_WHAT YOU ARE ASKED TO DO_: Transcribe the listing below only from the line with "Wola Luxe Apartment Varsóvia Exterior foto" up to and including the line with "Toyota Supra 3.0 MT (387 hp)".

_RECORD SET_:
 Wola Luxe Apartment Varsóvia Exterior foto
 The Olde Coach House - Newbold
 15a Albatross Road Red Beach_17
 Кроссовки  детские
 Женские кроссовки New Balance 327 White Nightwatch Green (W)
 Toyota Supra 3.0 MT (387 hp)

--

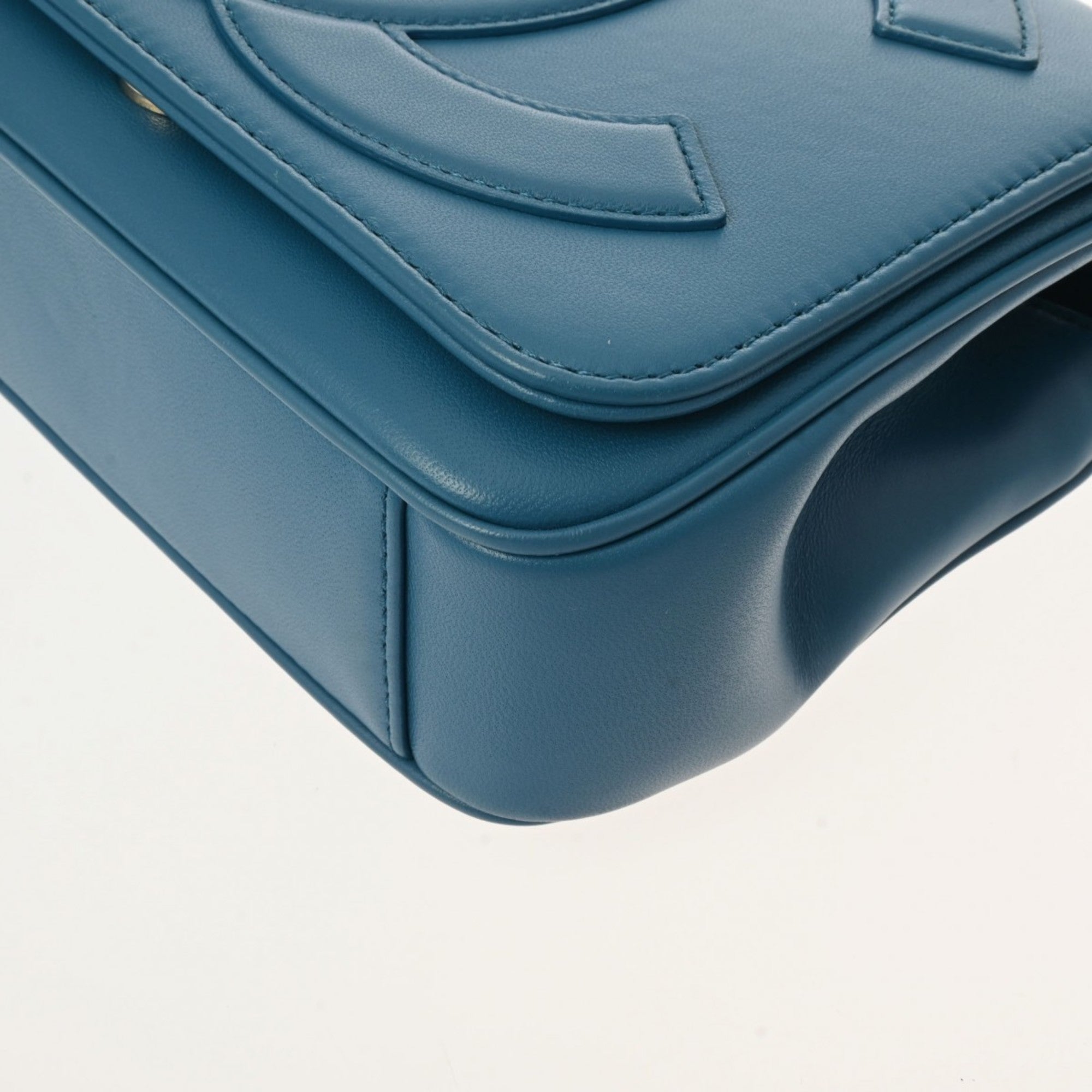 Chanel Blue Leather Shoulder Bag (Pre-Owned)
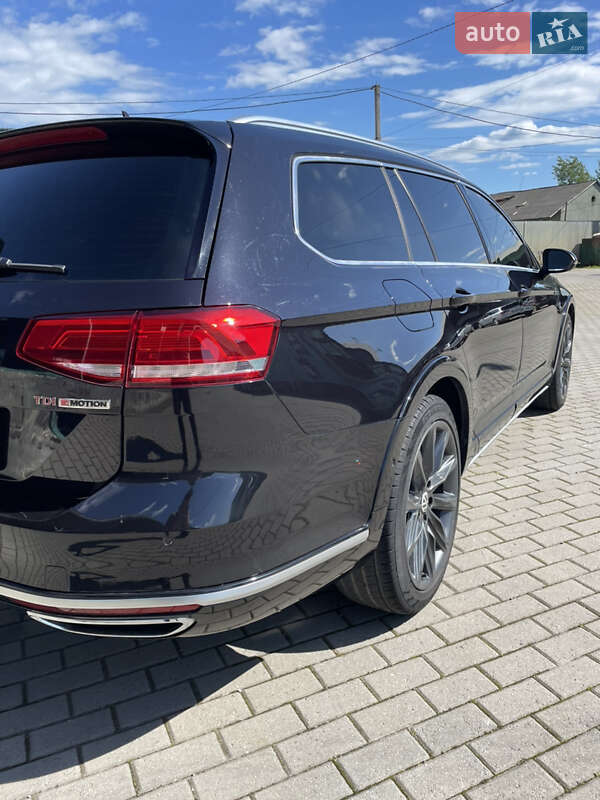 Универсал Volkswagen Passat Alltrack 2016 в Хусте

_ANSWER SECTION_:
 Wola Luxe Apartment Varsóvia Exterior foto
 The Olde Coach House - Newbold
 15a Albatross Road Red Beach_17
 Кроссовки  детские
 Женские кроссовки New Balance 327 White Nightwatch Green (W)
 Toyota Supra 3.0 MT (387 hp)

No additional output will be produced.